With metals/material markets down and financial markets up, the once booming M&A “ocean of opportunity” to sell the company you built has become a very small pond. How does an owner exit today without taking a bath in the real value of his or her business?
At the Washington-based Institute of Scrap Recycling Industries’ (ISRI’s) 2017 ISRI Convention & Exposition, I told attendees at the Economy Spotlight that this was the time to be a buyer not a seller. This was the time to use your resources to capture more market share.
It’s now 2019 and the reasons may be different, but it is still difficult to make the kind of money we all once made from the metals markets.

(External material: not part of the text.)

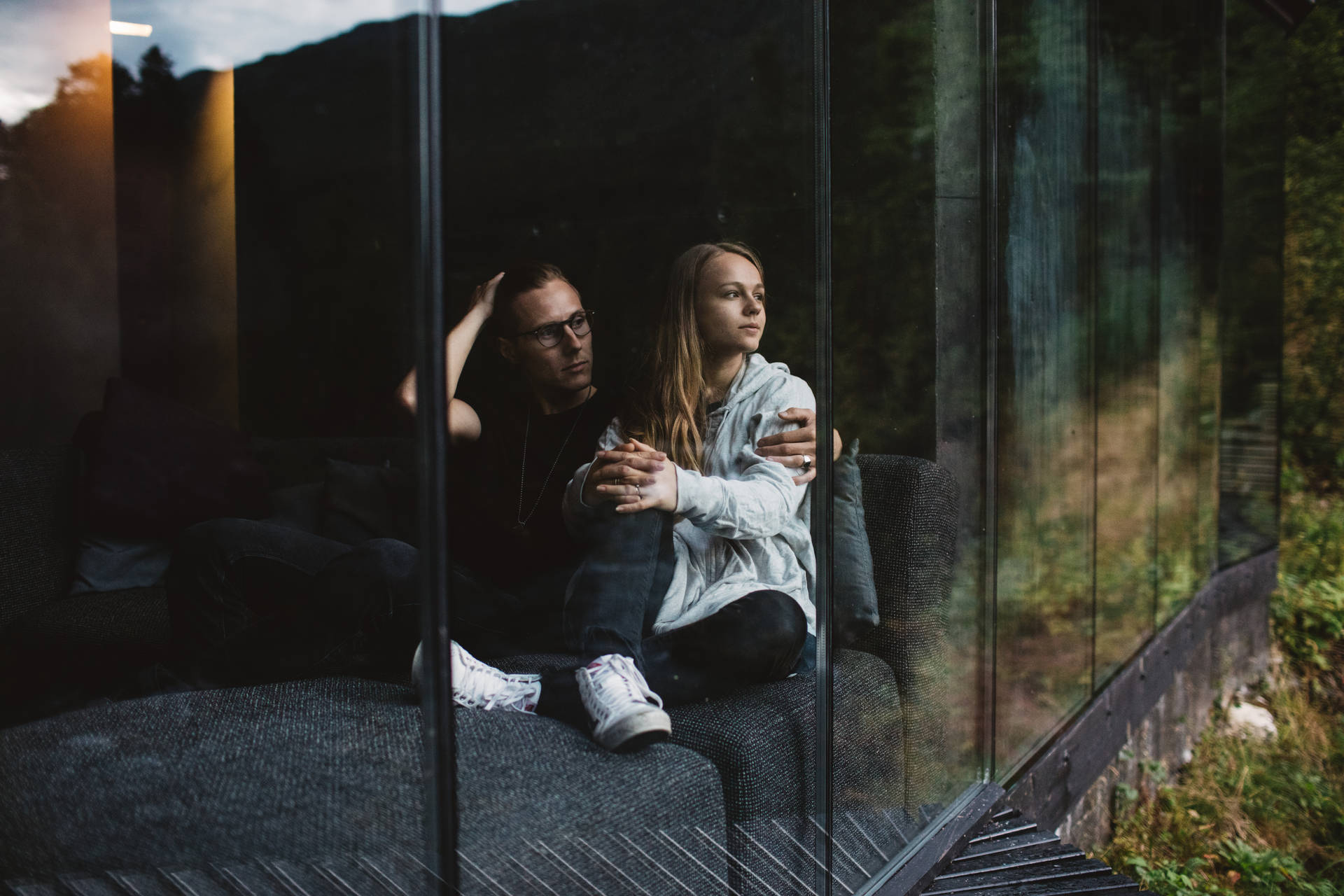 shutterstock_710135008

For some business owners who have a longer time horizon, that still represents opportunity.
For others who have spent their lives in the ups and downs of our industry, it’s time to think about exiting because it might be a long time before we see the higher points of another commodities super cycle.
Types of buyers
Many of the buyers shopping for businesses today are very different than those who were active the last time around. The buying pool can be grouped into four categories:
- Traditional large synergistic buyers who are in the business and are just adding volume and/or locations. (This was the main buyer active in the last cycle.) The problem with this group of buyers is they are not using the same expansionistic business plans that they once were and are bargain hunting, so getting a good price is hard.
- Foreign buyers using cheap currency to buy U.S. assets. Generally, maintaining a company’s culture can be more difficult with this type of buyer.

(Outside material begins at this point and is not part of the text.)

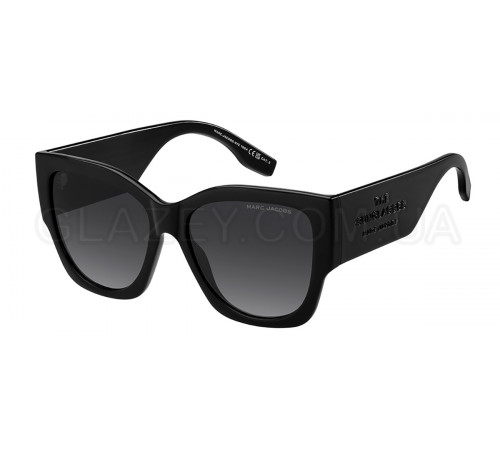 Сонцезахисні окуляри MARC JACOBS MARC 859/S 807559O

- Financial buyers who see commodities being so out of favor that they are starting to build a portfolio of companies they plan to own until the next super cycle, when they will sell them. Again, these buyers tend to be bargain hunters.

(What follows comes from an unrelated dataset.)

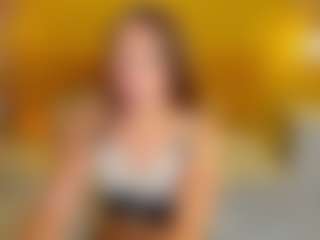 KetrinWhitee's Live Sex Cam Show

- Manufactured buyers for small to mid-sized companies.
This article focuses on the manufactured buyers. These are people who often have worked in or around the scrap recycling industry or for a large company and have accumulated enough capital that they have begun thinking about working for themselves instead of for that big corporation.
Manufactured buyers have enough capital to make significant down payments on the purchases of businesses and then rely on a bank loan to finance the rest. Many have been thinking and looking for a business to acquire for some time, so they have gotten preapproval from a bank and bring new and innovative management ideas that may breathe new life into the businesses they buy.
This type of buyer is looking to buy a job, meaning he or she wants not only to buy the company but also to work in the company. For many sellers, manufactured buyers are ideal buyers as they want to retain the purchased companies’ employees, want to work through a transition that is supportive of the purchased companies’ vendors and customers alike and genuinely want to learn from the seller before he or she leaves the company. Most manufactured buyers will not ask for some of the extreme terms that financial buyers might ask for and they are easy to work with as the inevitable sales-related issues surface.
Manufactured buyers were around during the last super cycle but were not very active in our industry.
Inside a sale
My company helped to find a manufactured buyer for an industrial metal recycling firm that had $18 million in annual sales and net income of $1 million. The company’s earnings before interest, taxes, depreciation and amortization (EBITDA) was valued at $1.5 million. The seller also owned real estate under a separate limited liability company.
The deal was structured so that the seller received a consideration of five-times EBITDA, or $7.5 million, including inventory, finished goods and work in progress. The buyer put $1.5 million down and had a bank loan of $6 million.
Of the $7.5 million sale price, $1.5 million was held in escrow for 12 months as protection for the buyer against any breaches in warranties given by the seller.
The buyer also took a 15-year lease on the property at a charge of $100,000 per year.
The seller received a one-year salary of $150,000 to serve as a consultant during the transition.
Eighteen percent of the sale price was allocated to inventory and equipment, while 82 percent of the sale was allocated toward goodwill.
The net result of the deal described is that the seller received $7.25 million after the holdback was tapped for $250,000. However, the seller also received the $150,000 salary and another $1.5 million in rent. Almost all of these funds were taxed as capital gains because the goodwill allocation was so high. The rent became a good portion of what the seller needed to spend in retirement. He invested the $7.25 million, making roughly 5 percent for a total of $362,000 in earnings. These earnings plus the $100,000 in rent he received from the buyer totaled $462,000.
In a great coincidence, the $462,000 was almost equal to the net income of $500,000 the business had been making, and the seller no longer had vendor, customer or employee issues to deal with, he only had to enjoy his retirement: a manufactured retirement.